▶ _WHAT THE EXERCISE ASKS_
What is needed is an exact copy of the whole listing below, with no pictures.

▶ _GIVEN INFORMATION_
=== Section Start ===
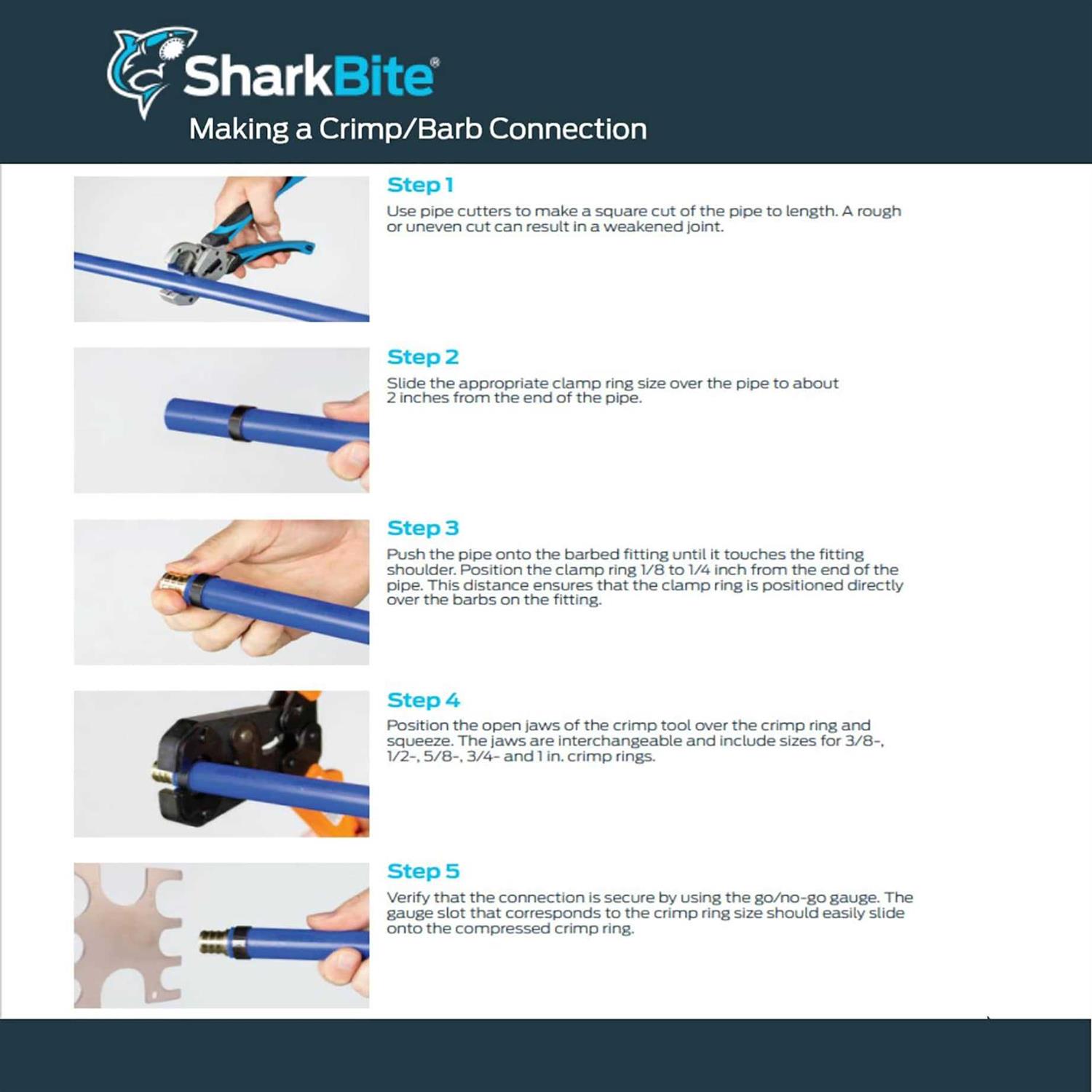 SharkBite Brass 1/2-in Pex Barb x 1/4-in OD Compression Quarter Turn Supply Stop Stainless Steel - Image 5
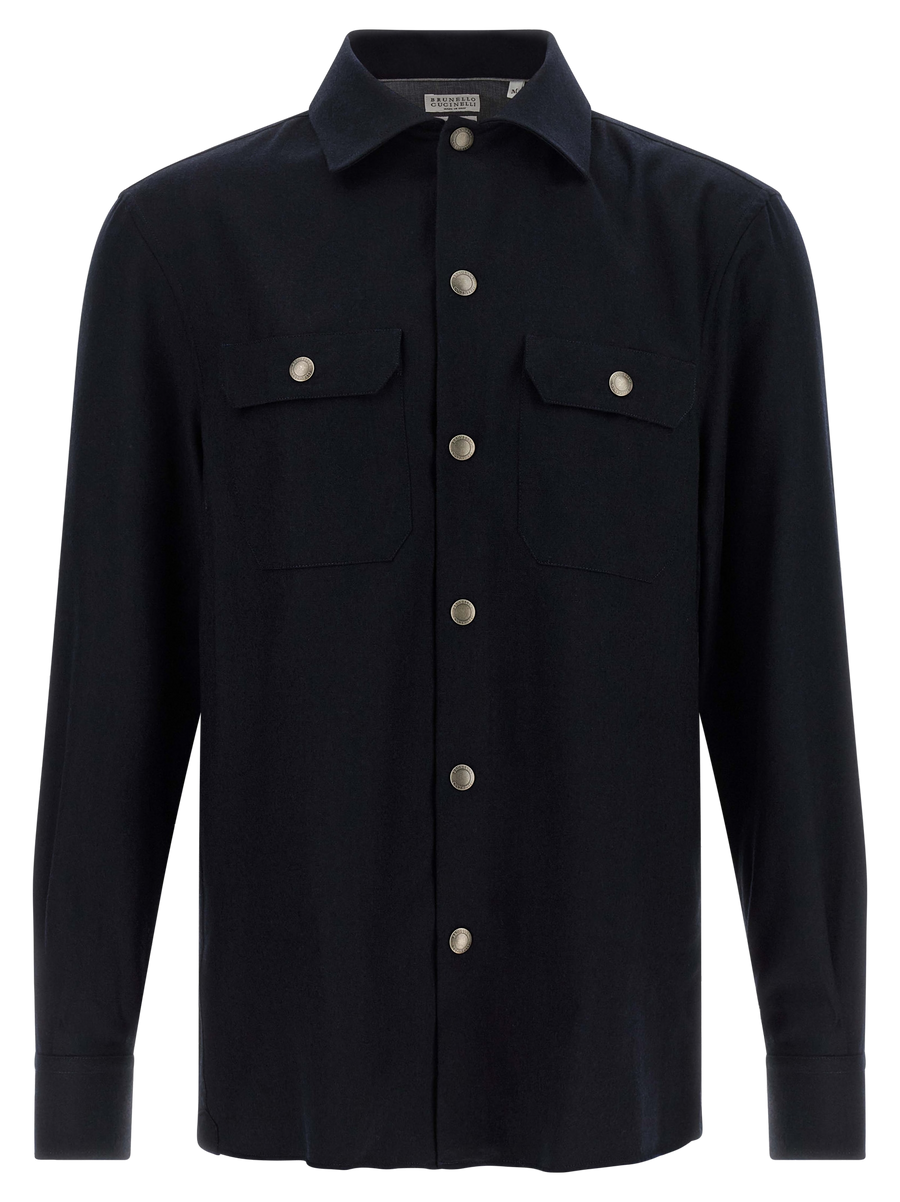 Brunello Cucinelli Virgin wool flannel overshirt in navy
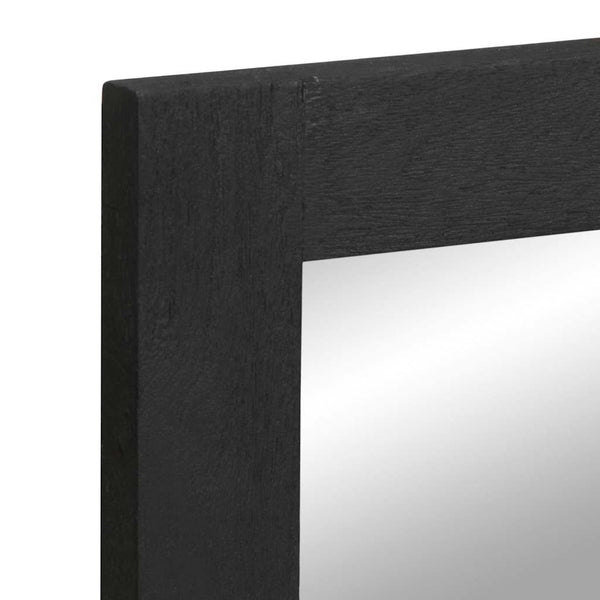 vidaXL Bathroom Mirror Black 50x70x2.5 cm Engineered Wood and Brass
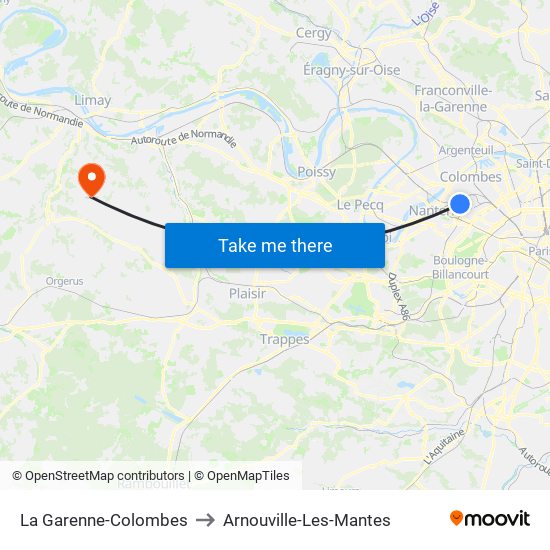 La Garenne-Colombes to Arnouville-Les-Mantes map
=== Section End ===
▶ _ANSWER SECTION_
 SharkBite Brass 1/2-in Pex Barb x 1/4-in OD Compression Quarter Turn Supply Stop Stainless Steel - Image 5
 Brunello Cucinelli Virgin wool flannel overshirt in navy
 vidaXL Bathroom Mirror Black 50x70x2.5 cm Engineered Wood and Brass
 La Garenne-Colombes to Arnouville-Les-Mantes map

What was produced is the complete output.